We have examined the killing of E. coli and kinetics of lipopolysaccharide (LPS) release after the exposure of the bacteria to normal human serum (NHS) and sera deficient in complement components, or with inactivated complement components. LPS of the galactose epimerase-deficient strain E. coli J5 were specifically radiolabeled by growing the bacteria in a medium containing [3H]galactose. Exposure of the washed bacteria to NHS resulted in a significant reduction (greater than 99%) in viability within 15 min and the concomitant release of radiolabeled LPS. However, maximal release of LPS was consistently 30% of the total radiolabel incorporated into the LPS molecules. The amount of tritium-labeled LPS released was shown to be directly proportional to the concentration of bacteria exposed to NHS, suggesting that release of LPS was not limited by the availability of some critical serum component(s). The consumption of complement in NHS by incubation with E. coli was demonstrated by decreased alternative and classical pathway-specific hemolytic activity. The use of Factor D-depleted and VEM-treated human sera demonstrated that, with these bacteria, both the alternative and classical pathways of complement contribute to bacterial killing and release of LPS. It is noteworthy that, in VEM-treated and Factor D-depleted sera, the rate of killing and the kinetics of LPS release were somewhat slower as compared to control serum. Bacterial killing in C7-depleted and C9-deficient human sera was minimal. Neither killing nor LPS release occurred in heat-inactivated (56 degrees C, 30 min) human serum. The amount of [3H]LPS released by C9-deficient serum was qualitatively similar to the amount released by the action of NHS. Tritium-labeled LPS was not released in C7-depleted serum. These data indicate that bacterial killing can be dissociated from LPS release, and suggest that, whereas LPS release may be necessary for the bactericidal effects of serum complement, it is probably not sufficient to effect killing. Furthermore, a significant fraction of LPS can be removed from the outer membrane of the bacteria without an apparent affect on viability.
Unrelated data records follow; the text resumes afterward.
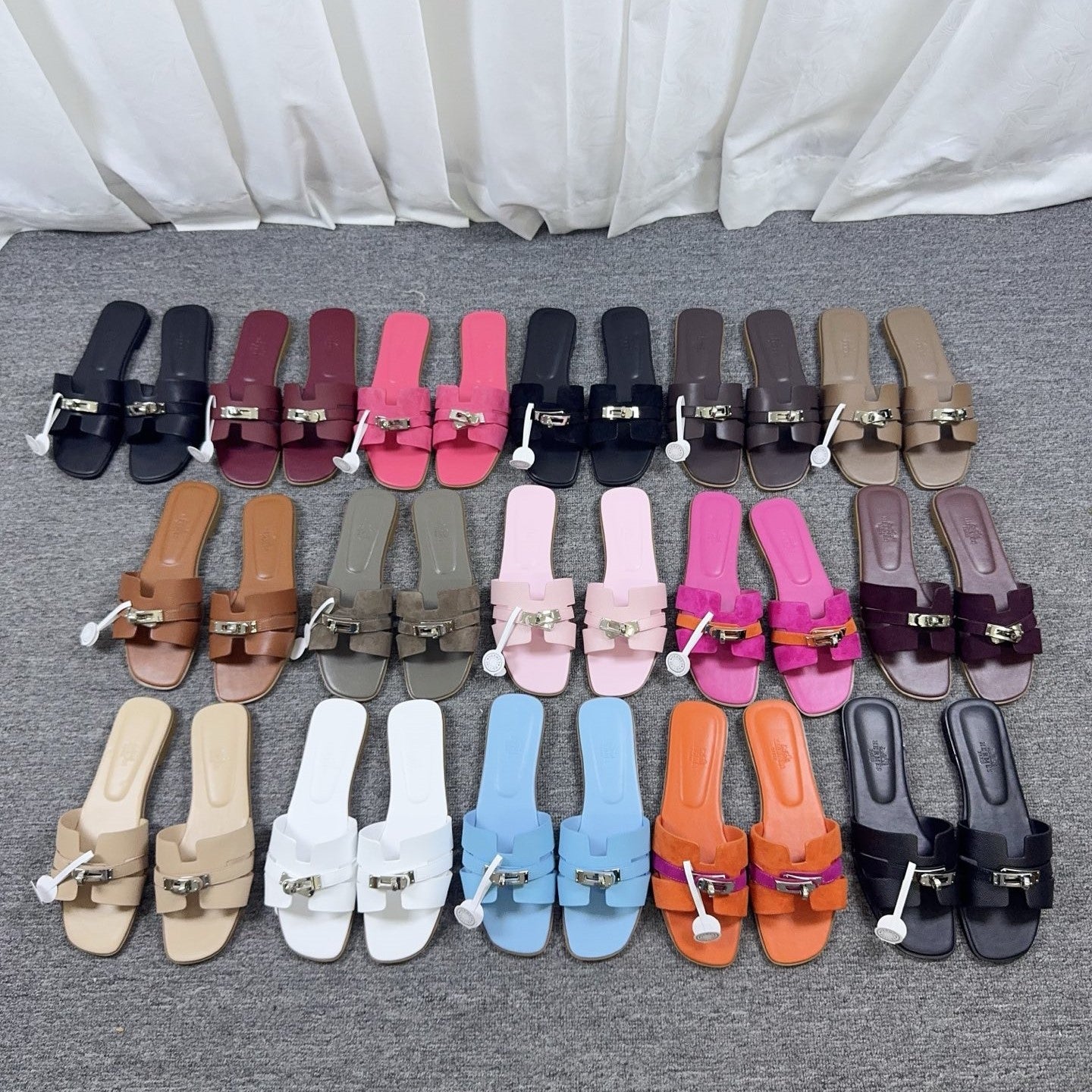 HM Oran Sandal with Kelly Buckle 936539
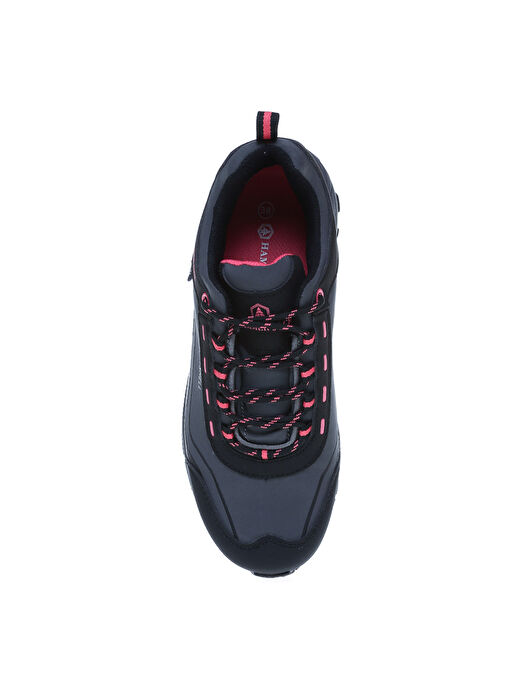 Hammer Jack Siyah-Gri Kadın deri Outdoor Ayakkabısı - Görsel 5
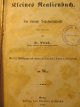 Carte Kleines Realienbuch , 1898 (Stiinte reale) - Friedrich Polack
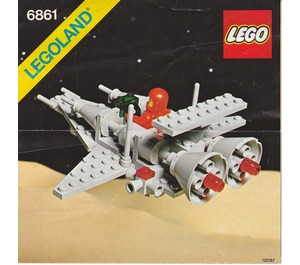 LEGO X1 Patrol Craft 6861-1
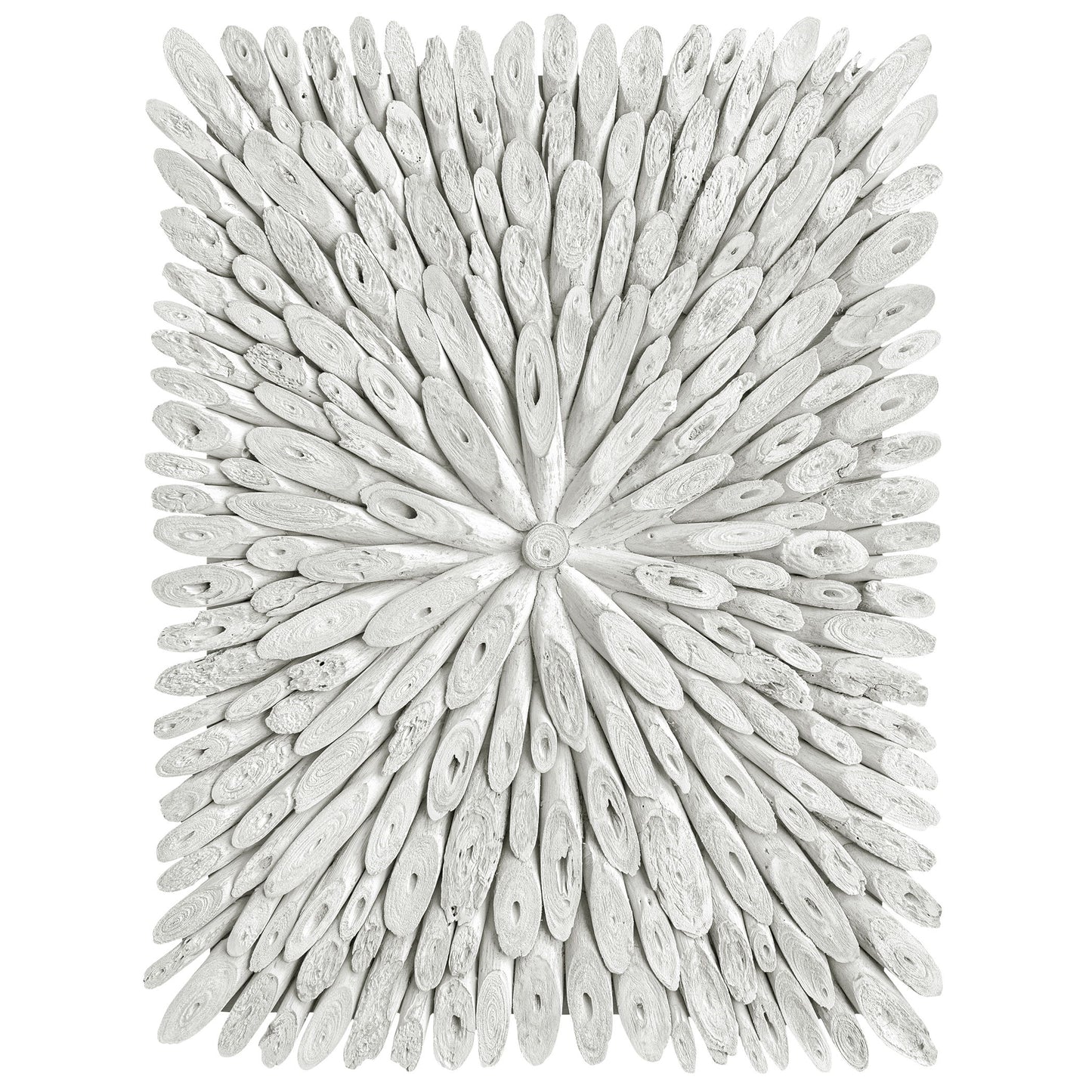 Bahama Wood - Wall Decor - Whitewashed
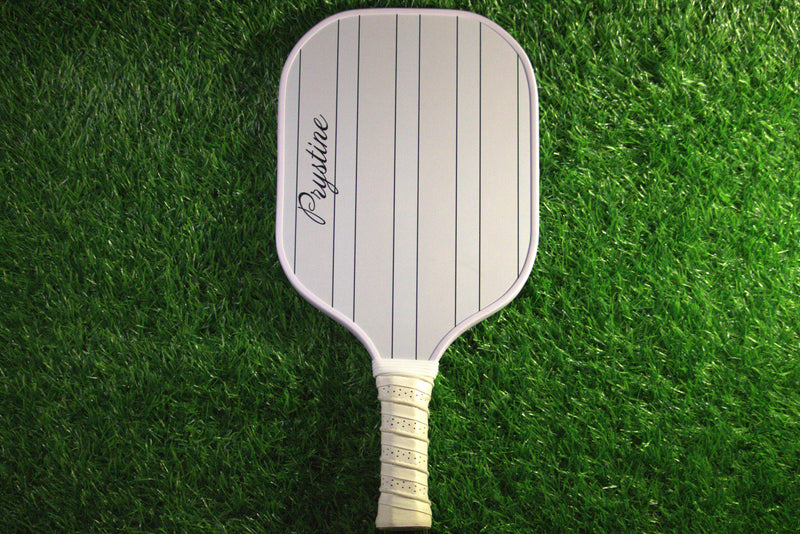 White Prystine Paddle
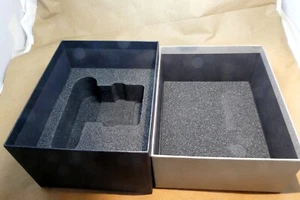 Empty Box (only ) for camera body Black / Leica Q2 Monochrom camera - OEM - Picture 1 of 7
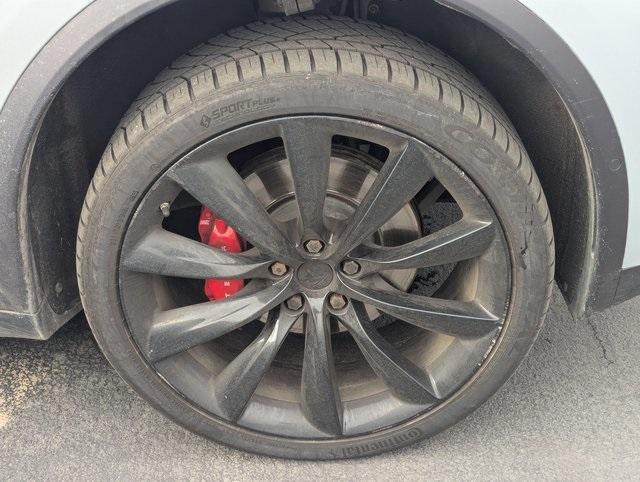 used 2016 Tesla Model X car, priced at $18,888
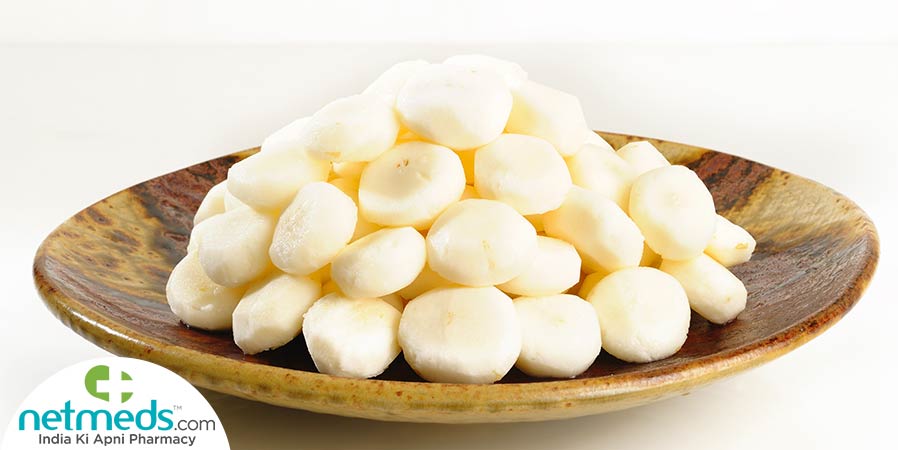 Peeled chestnuts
Immunologic activity of lipopolysaccharides released from macrophages after the uptake of intact E. coli in vitro.

Lipopolysaccharides (LPS) have been isolated from culture supernatants and from cell lysates after the in vitro phagocytosis of E. coli by murine macrophages. By using E. coli radiolabeled specifically in the LPS component with [3H]galactose, our studies have shown that the macrophage-"processed" LPS is enhanced with respect to its immunostimulatory activity in comparison with control phenol-water-extracted LPS. As assessed by its ability to induce interleukin 1 production in naive macrophages or proliferation in cultures of murine splenocytes, the macrophage-processed LPS is between 10- and 100-fold greater in specific activity. Evidence is presented for both structural and chemical alterations in the LPS macromolecule.